Отрывок
Ной вошел в ванную комнату Каи Айрленд, откуда доносился шум льющейся из-под крана воды. Девушка лежала на полу, распластав руки в стороны. Ее длинные волосы разметались по кафелю — черное на белом.
Ной прошел к ванной и перекрыл воду до того, как та перелилась через край. Затем проглотил кусок пирога, вытер пальцы о шорты и присел перед бездыханной девушкой, чтобы проверить пульс. Его не было, Кая Айрленд умерла.
Ной поднял ее на руки, мягко опустил в воду, позволил погрузиться на дно ванной. Черные волосы сперва беспокойно взметнулись вверх, затем опали, окружая сетями худое белоснежное тело.
Ной выпрямился, вытер руки о полотенце и облокотился о дверной косяк, приготовившись ждать. Он досчитал до ста дважды, прежде чем почувствовал, что Кая готова вернуться назад. Он приблизился, едва не поскользнувшись на кафеле, и резко выдернул девушку за плечи.
Она закашлялась, вцепившись мертвой хваткой в его запястья.
— Что?.. Что это было?..
Ее взгляд был безумным, и Ной почти рассмеялся, хотя смешного тут было мало.
— Ты умерла, Кая Айрленд.
Я крепко сжала запястья Ноя, оставляя следы ногтей на коже. В ушах гудело, и ничего, кроме этого гудения, не было слышно.
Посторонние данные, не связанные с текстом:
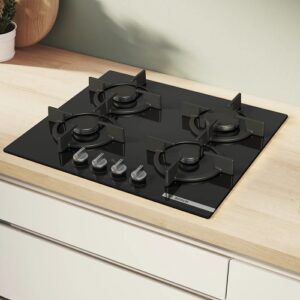 Iebūvējama gāzes plīts virsma Bosch Serie 6 PPP6A6I10, 60cm, Rūdīta stikla Iebūvējama gāzes plīts virsma Bosch Serie 6 PPP6A6I10, 60cm, Rūdīta stikla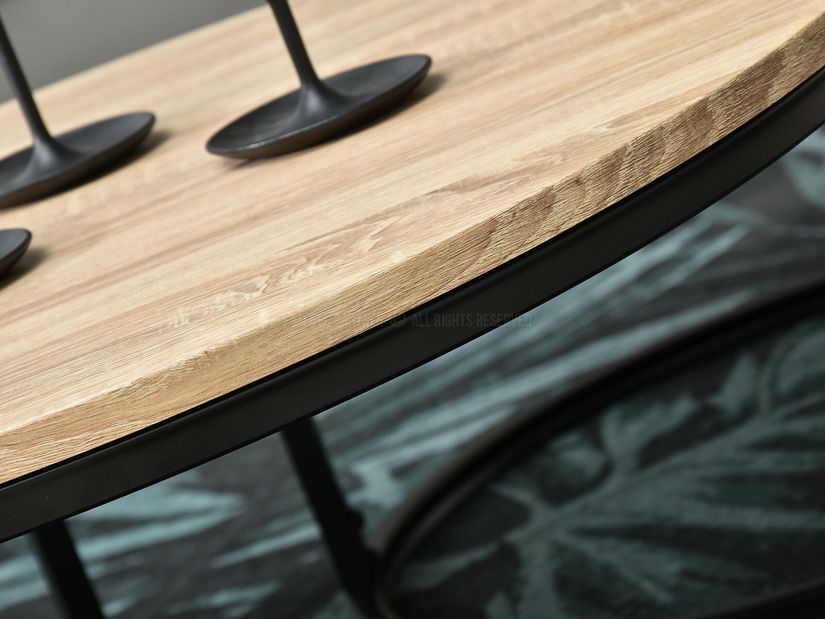 Konferenční stolek Kolja Zest Xl (sonoma + černá)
Я крутила головой, стараясь на чем-нибудь сфокусироваться, а затем в поле зрения появился Ной, схватил меня за щеки и сжал. Мне удалось прочесть по его шевелящимся губам несколько слов:
— Ты умерла, Кая.
Повисла оглушающая тишина. Потом прорвались раскаты грома за окном.
Что случилось?
С трудом отлепив окоченевшие пальцы от рук Ноя, который смотрел на меня изучающе, как на интересный экспонат в музее, я содрогнулась: малейшее движение отдавалось болью во всем теле.
Что случилось?
— Думала, что попадешь в рай? — Ной улыбнулся, выпрямляясь. — А тут вот я.
— Я почувствовала, что умираю, — глухо отозвалась я, поднимая взгляд. Его лицо смягчилось, насмешка исчезла.
Нагнувшись, он аккуратно убрал за уши мои волосы, прилипшие к щекам. Его ладонь показалась мне невыносимо горячей, я вздрогнула.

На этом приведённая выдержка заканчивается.